··· ENTRIES SHOWN ···

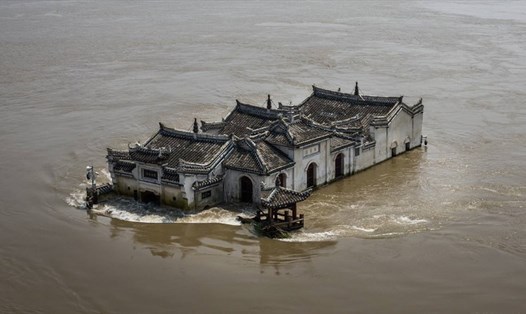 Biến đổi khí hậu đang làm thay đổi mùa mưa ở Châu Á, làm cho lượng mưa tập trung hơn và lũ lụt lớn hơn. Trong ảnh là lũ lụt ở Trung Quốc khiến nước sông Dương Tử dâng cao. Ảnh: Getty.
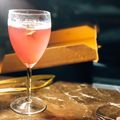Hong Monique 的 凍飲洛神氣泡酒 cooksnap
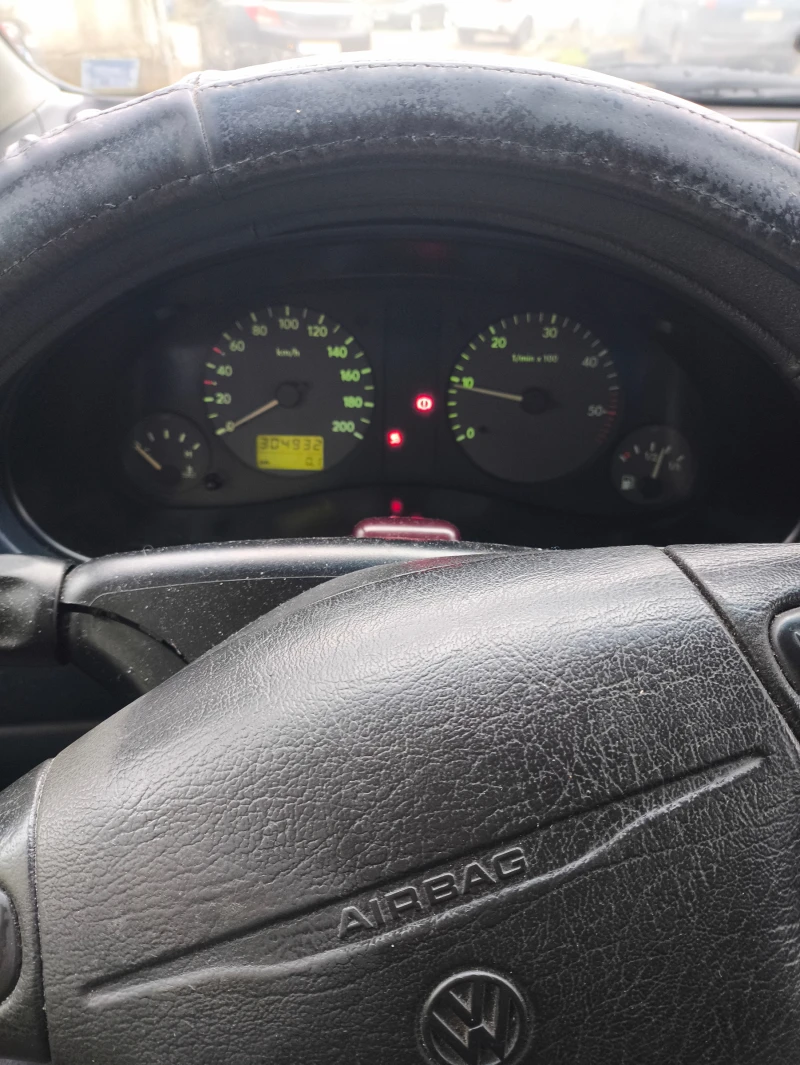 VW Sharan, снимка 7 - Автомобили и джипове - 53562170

···
··· ENTRIES SHOWN ···

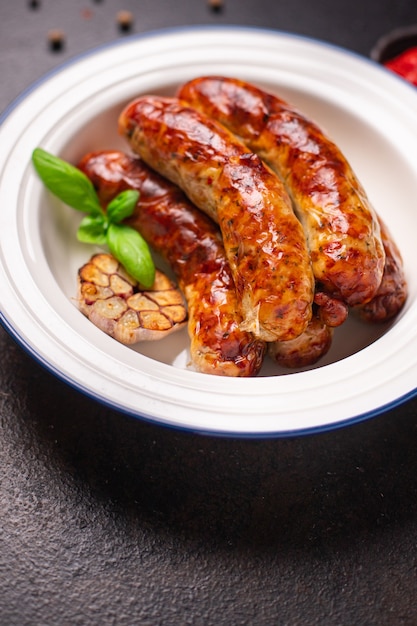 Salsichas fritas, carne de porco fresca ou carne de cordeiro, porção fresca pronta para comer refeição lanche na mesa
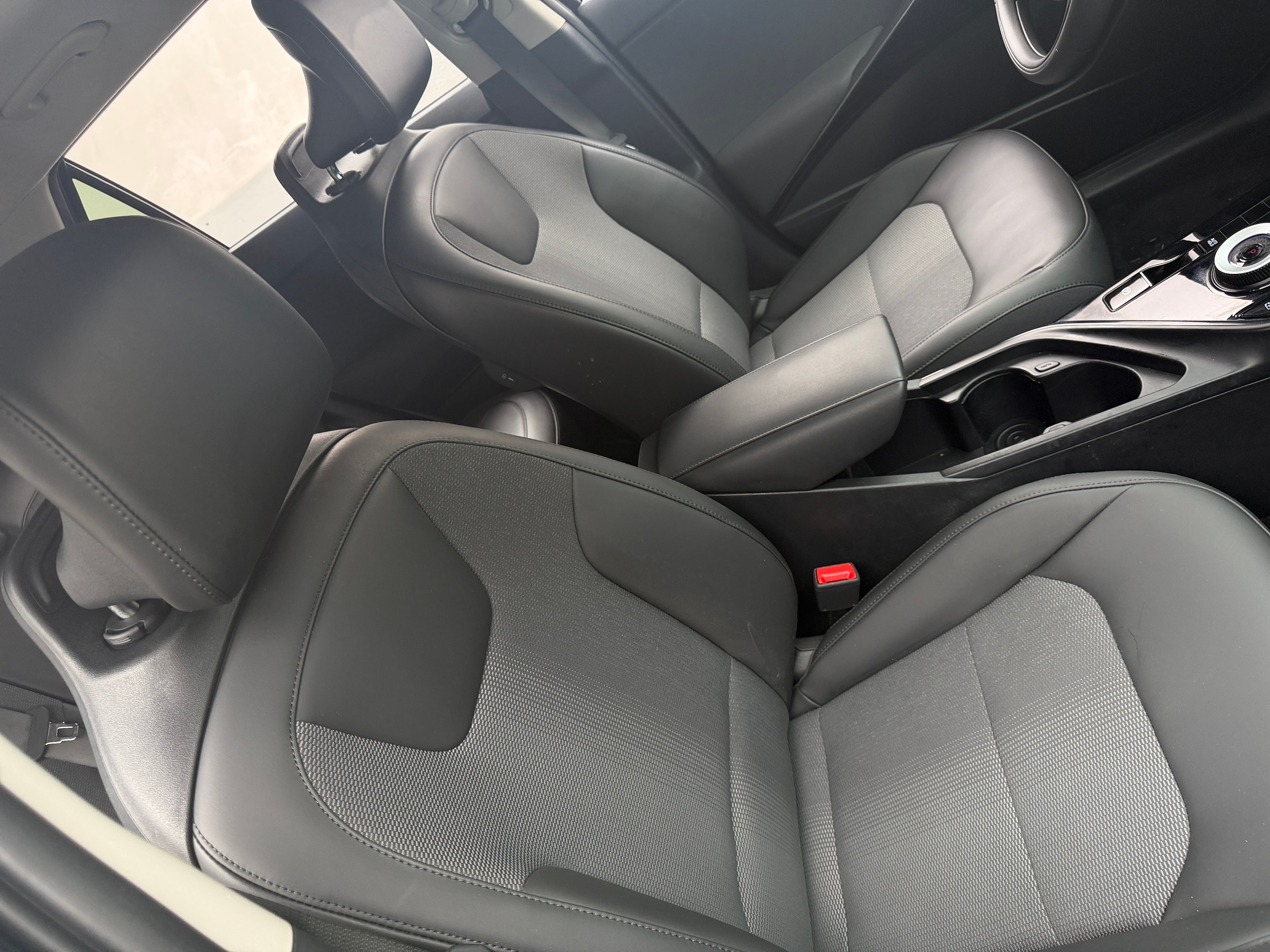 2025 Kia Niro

···

DESCRIPTION OF THE TASK
Those lines of the records above that run from the one containing "Biến đổi khí" through the one containing "VW Sharan, снимка" should be returned exactly, with no pictures among them.

OUTPUT BELOW
 Biến đổi khí hậu đang làm thay đổi mùa mưa ở Châu Á, làm cho lượng mưa tập trung hơn và lũ lụt lớn hơn. Trong ảnh là lũ lụt ở Trung Quốc khiến nước sông Dương Tử dâng cao. Ảnh: Getty.
Hong Monique 的 凍飲洛神氣泡酒 cooksnap
 VW Sharan, снимка 7 - Автомобили и джипове - 53562170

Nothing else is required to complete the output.